Un precio relativo

Cuando mi jefe me preguntó por primera vez cuándo tenía pensado reincorporarme tras mi excedencia no tenía muy claro cuánto tiempo nos aguantaríamos mi hija y yo. Ya intuía, sin embargo, que lo que empezó como la solución a un mes de agosto sin guardería probablemente se extendería. «Sé que sea cuando sea, me parecerá demasiado pronto». Un buen puñado de meses brevísimos hechos de días eternos en los que apenas encontraba tiempo para hacer nada ya son historia. Historia familiar, al menos. Y a medida que el final se acerca es hora de hacer balance.

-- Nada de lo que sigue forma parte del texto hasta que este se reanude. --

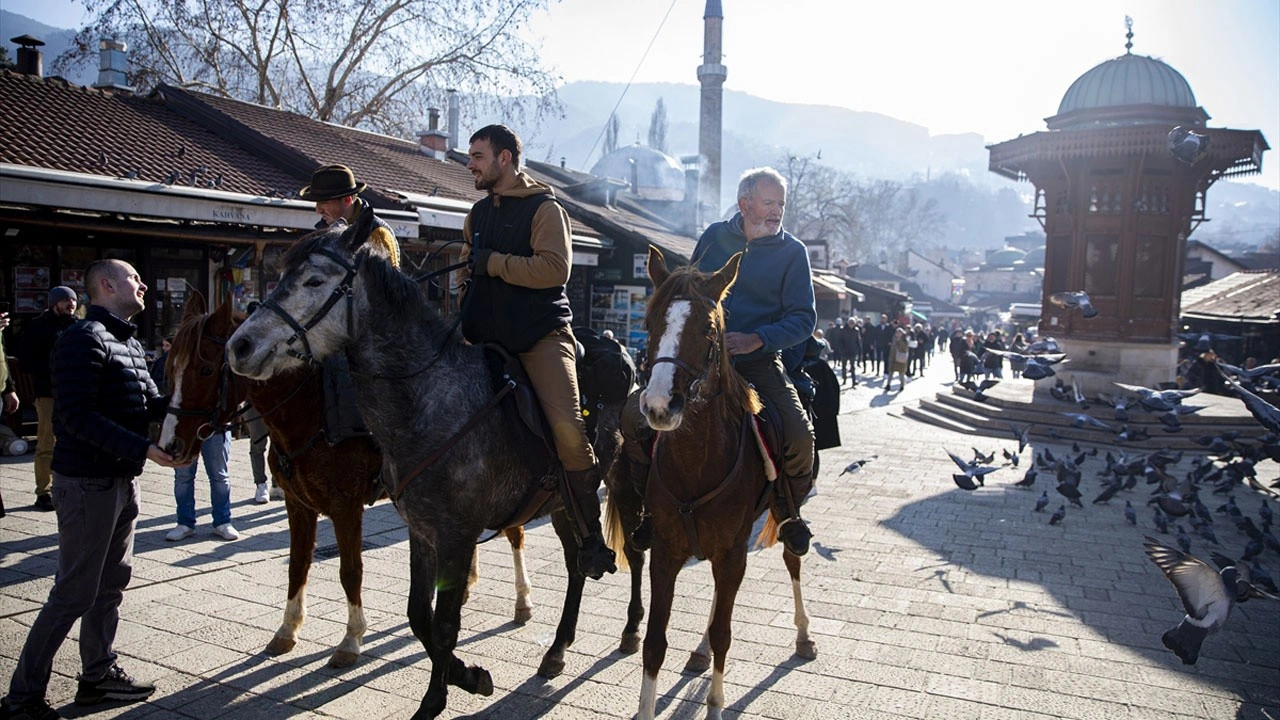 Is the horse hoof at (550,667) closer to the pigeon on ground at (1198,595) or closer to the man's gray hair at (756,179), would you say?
the man's gray hair at (756,179)

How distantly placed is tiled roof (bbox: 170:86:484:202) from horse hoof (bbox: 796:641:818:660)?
1156 centimetres

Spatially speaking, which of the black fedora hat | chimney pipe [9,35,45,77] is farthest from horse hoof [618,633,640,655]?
chimney pipe [9,35,45,77]

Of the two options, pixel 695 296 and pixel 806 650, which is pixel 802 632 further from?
pixel 695 296

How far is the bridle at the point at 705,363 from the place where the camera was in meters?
3.44

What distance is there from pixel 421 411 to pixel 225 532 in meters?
4.32

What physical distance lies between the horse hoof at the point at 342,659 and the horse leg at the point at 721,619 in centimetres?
206

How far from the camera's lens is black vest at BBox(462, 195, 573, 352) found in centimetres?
419

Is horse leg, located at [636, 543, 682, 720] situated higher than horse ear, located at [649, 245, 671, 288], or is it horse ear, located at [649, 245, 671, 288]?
horse ear, located at [649, 245, 671, 288]

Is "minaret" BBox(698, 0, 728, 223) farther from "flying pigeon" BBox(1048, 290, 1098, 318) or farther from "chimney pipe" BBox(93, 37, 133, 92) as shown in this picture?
"chimney pipe" BBox(93, 37, 133, 92)

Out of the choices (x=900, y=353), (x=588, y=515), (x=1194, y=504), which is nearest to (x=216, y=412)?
(x=588, y=515)

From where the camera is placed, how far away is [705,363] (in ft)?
11.8

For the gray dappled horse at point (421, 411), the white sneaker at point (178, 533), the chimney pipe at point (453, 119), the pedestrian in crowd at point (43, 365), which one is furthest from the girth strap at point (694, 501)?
the chimney pipe at point (453, 119)

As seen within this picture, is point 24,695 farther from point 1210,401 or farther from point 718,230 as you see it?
point 1210,401

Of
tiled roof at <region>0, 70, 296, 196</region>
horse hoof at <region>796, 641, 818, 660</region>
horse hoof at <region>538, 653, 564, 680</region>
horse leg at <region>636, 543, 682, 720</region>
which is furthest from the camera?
tiled roof at <region>0, 70, 296, 196</region>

En estos casos hay una pregunta cuya respuesta resume perfectamente la experiencia: si tuviera que volver a tomar esta decisión, ¿repetiría? Y la respuesta es que sí, que una y mil veces, que haría lo que hiciera falta para poder disfrutar otra vez del año que hemos vivido juntos los dos, los tres. Un año «en blanco» desde el punto de vista de una sociedad centrada en la producción y el consumo tiene un precio que hay que estar dispuesto a pagar. Una parte se paga en forma de renuncia laboral; otra, quizá la más inmediata e importante para la mayoría, en metálico. Pero quizá la que menos en cuenta se tiene es la factura personal, la del esfuerzo físico, la del agotamiento mental, la de la soledad… Porque no, una excedencia para cuidar de un niño pequeño no son unas vacaciones.

El precio puede parecer más o menos elevado en función del sistema de valores y prioridades que rija la vida de cada uno. Para mí, en nuestro caso único y particular, es un precio irrisorio si tengo en cuenta todo lo que he comprado a cambio.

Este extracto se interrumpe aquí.